Segment Start: Information supplied
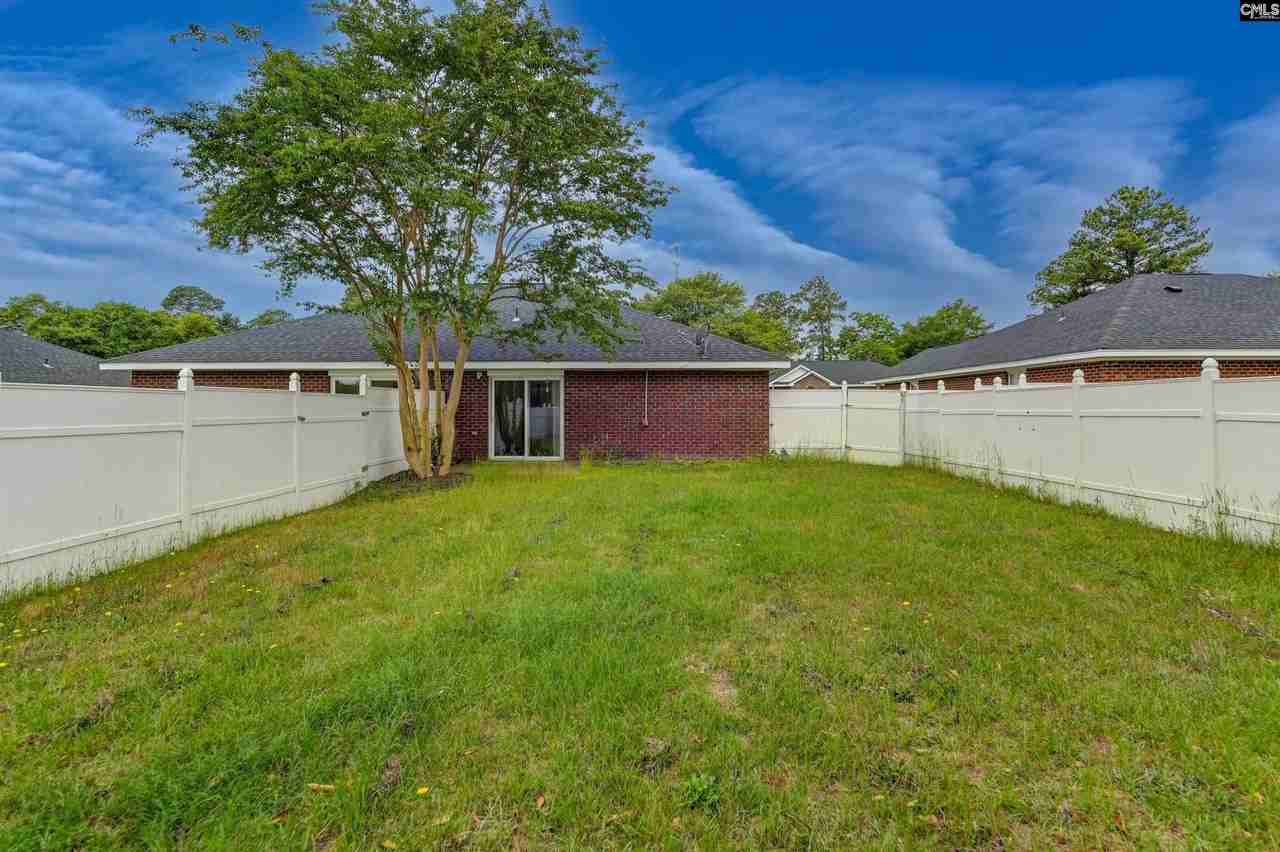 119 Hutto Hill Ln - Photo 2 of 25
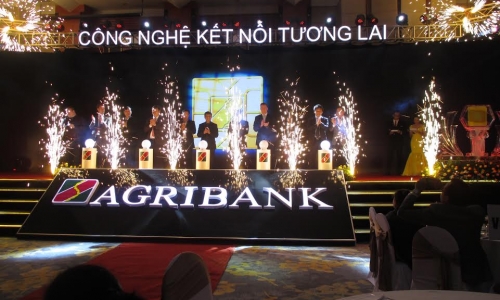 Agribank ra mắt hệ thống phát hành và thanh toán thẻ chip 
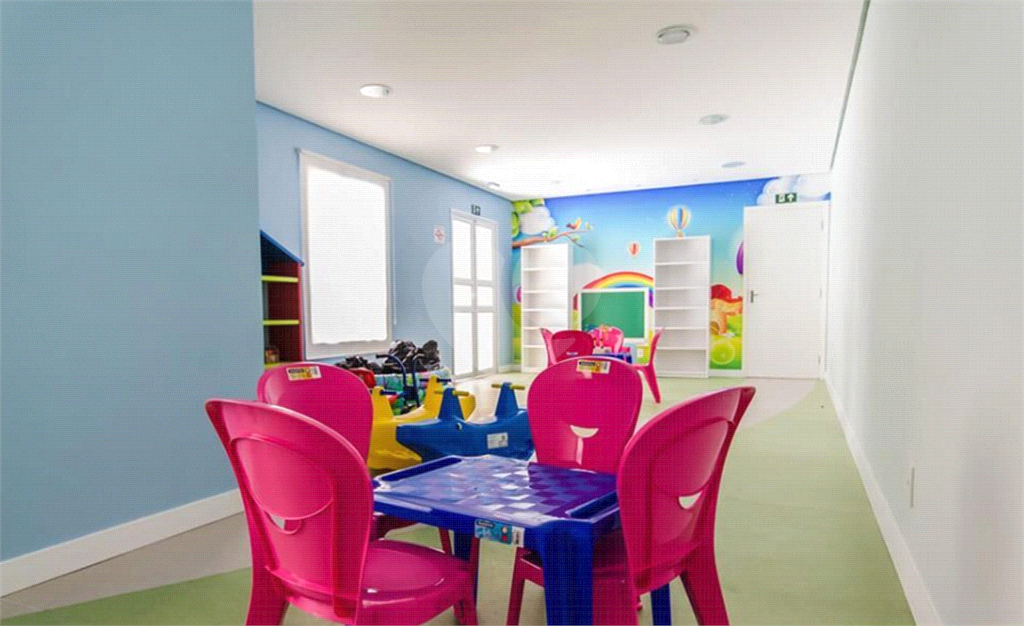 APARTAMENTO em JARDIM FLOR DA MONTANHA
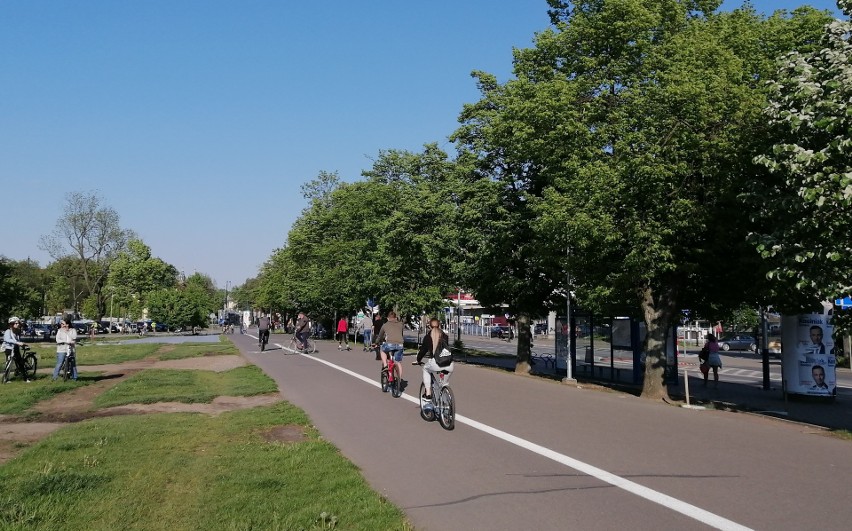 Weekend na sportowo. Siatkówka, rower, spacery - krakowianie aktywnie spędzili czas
Segment End: Information supplied
Output all of the data word for word, excluding any pictures.

Written solution
 119 Hutto Hill Ln - Photo 2 of 25
 Agribank ra mắt hệ thống phát hành và thanh toán thẻ chip 
 APARTAMENTO em JARDIM FLOR DA MONTANHA
 Weekend na sportowo. Siatkówka, rower, spacery - krakowianie aktywnie spędzili czas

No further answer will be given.